# Lock and dam 2/22/09



## Barefoot (Feb 8, 2009)

Well I decided on the way back from making 200+ pounds of deer sausage at my parents house with my dad, uncle and cousin I would wet the lure at the lock and dam.

The fishing was very slow this afternoon. I was only able to stay a couple of hours because I didnt want my sausage to go bad in the cooler. I only landed a few before I needed to leave. Maybe it picked up after I left? Anyway, just wanted to let people know what was going on there today. 

Good luck to everyone.


----------



## SaltH2oAssassin (Jan 25, 2006)

I was there also yesterday. Got there at around 7:30am and fished til noon. Ended up with 12 whites on cut shad up by the dam. Buddies went down stream a lil passed the bridge and caught about 5-7 each on lures. Saw some people next to me catch two nice size Hybrids. Looked across the river and saw plenty of whites and hybrids caught in the moving current. Sorry no pics because didn't think my catch would be worth sharing.


----------



## catchysumfishy (Jul 19, 2008)

SaltH2oAssassin said:


> I was there also yesterday. Got there at around 7:30am and fished til noon. Ended up with 12 whites on cut shad up by the dam. Buddies went down stream a lil passed the bridge and caught about 5-7 each on lures. Saw some people next to me catch two nice size Hybrids. Looked across the river and saw plenty of whites and hybrids caught in the moving current. Sorry no pics because didn't think my catch would be worth sharing.


Your Avatar is pic. enough! Thanks for the report!


----------



## SaltH2oAssassin (Jan 25, 2006)

Here is a stringer of the guy next to me. I took it to share with everyone the size of the hybrid compared to the whites. Like I said all of his was caught on cut shad.

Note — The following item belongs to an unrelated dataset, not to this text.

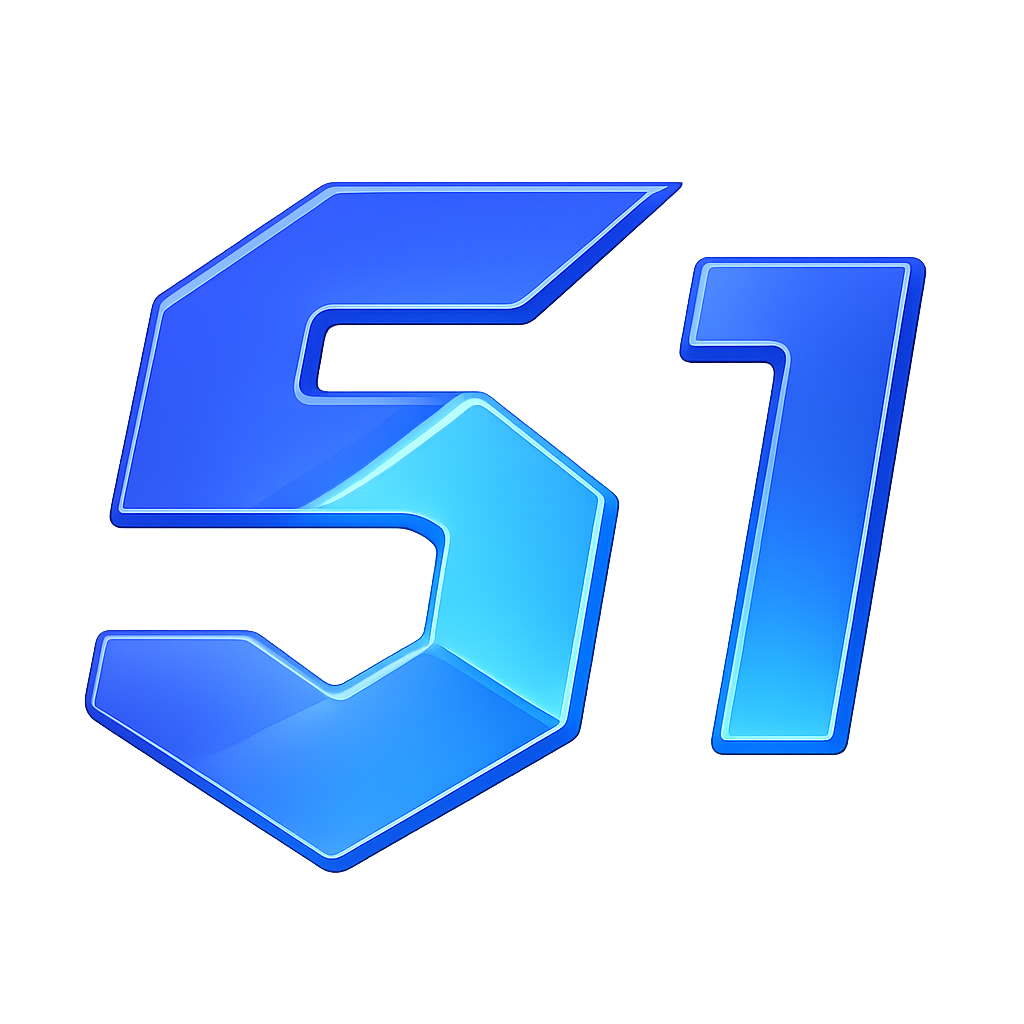 中转API额度|兑换码|51API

Here is a bonus pic of my bro-in-law's Hybrid that he caught at Lake Somerville the same day. Keep in mind that I wear a size 13 sandal. Look how fat this hog is.


----------



## james1279 (Jul 9, 2007)

We were the 6 guys on the other side on the wall. We had a six man limit of hybrids to 8lbs and let go at least another 10. Couldn't tell you how many we lost and broke off, there for a while I was hooking up every cast with hybrids. We could hardly get the whites to bite once the hybrids moved in. We probably had 50 or 60 whites between all of us. I'll try to attach the pics, I've never done it before.


----------



## Bowhntr (Aug 7, 2006)

*Hybrid*

That is a hog.
Were you fishing from boat or land at the L&D? been hearing about that area and would like to get there-wher bout it located? guess it is time for whites to really get going...huh!



SaltH2oAssassin said:


> Here is a stringer of the guy next to me. I took it to share with everyone the size of the hybrid compared to the whites. Like I said all of his was caught on cut shad.
> 
> 
> 
> ...


----------



## SaltH2oAssassin (Jan 25, 2006)

*I saw you guys....*

I saw you guys tearing up. I especially notice the guy in the 2nd pic catching a hybrid or white almost on every cast. Way to go. That was my 2nd trip there and had a great time.


----------



## Bowhntr (Aug 7, 2006)

What were you guys using???/ lures or cut bait. Nice haul of fish there. now who got the cleaning job


----------



## Gluconda (Aug 25, 2005)

James1279:

Awesome report and pictures! You guys killed them up there? What were the stripers hitting? I heard they love live shad if you can cast net any!


----------



## james1279 (Jul 9, 2007)

Most fish were caught on 2" curly tails, white or chart. There at the end I was catching them on pretty much everything I threw at them.


----------



## shadslinger (Aug 21, 2005)

Awesome L&D trip! Meadowlark, where do you think the wipers are coming from? I'm pretty convinced they are natural hybrids, since TPWD does not stock them in Livingston. And they are not able to reproduce themselves,


----------



## fishinganimal (Mar 30, 2006)

You can walk by foot down to the lock or did you cross by boat??? Very nice catch. Normally when the Hybrids move up to spawn the whites are movin out. Wish I was there. Great pics


----------



## Meadowlark (Jul 19, 2008)

shadslinger said:


> Meadowlark, where do you think the wipers are coming from? I'm pretty convinced they are natural hybrids, since TPWD does not stock them in Livingston. And they are not able to reproduce themselves,


SS,

Actually hybrid striped bass (HSB) ARE able to reproduce. They have been documented as reproducing...in one lake, for example, that had only HSB (no stripers and no white bass) the HSB reproduced.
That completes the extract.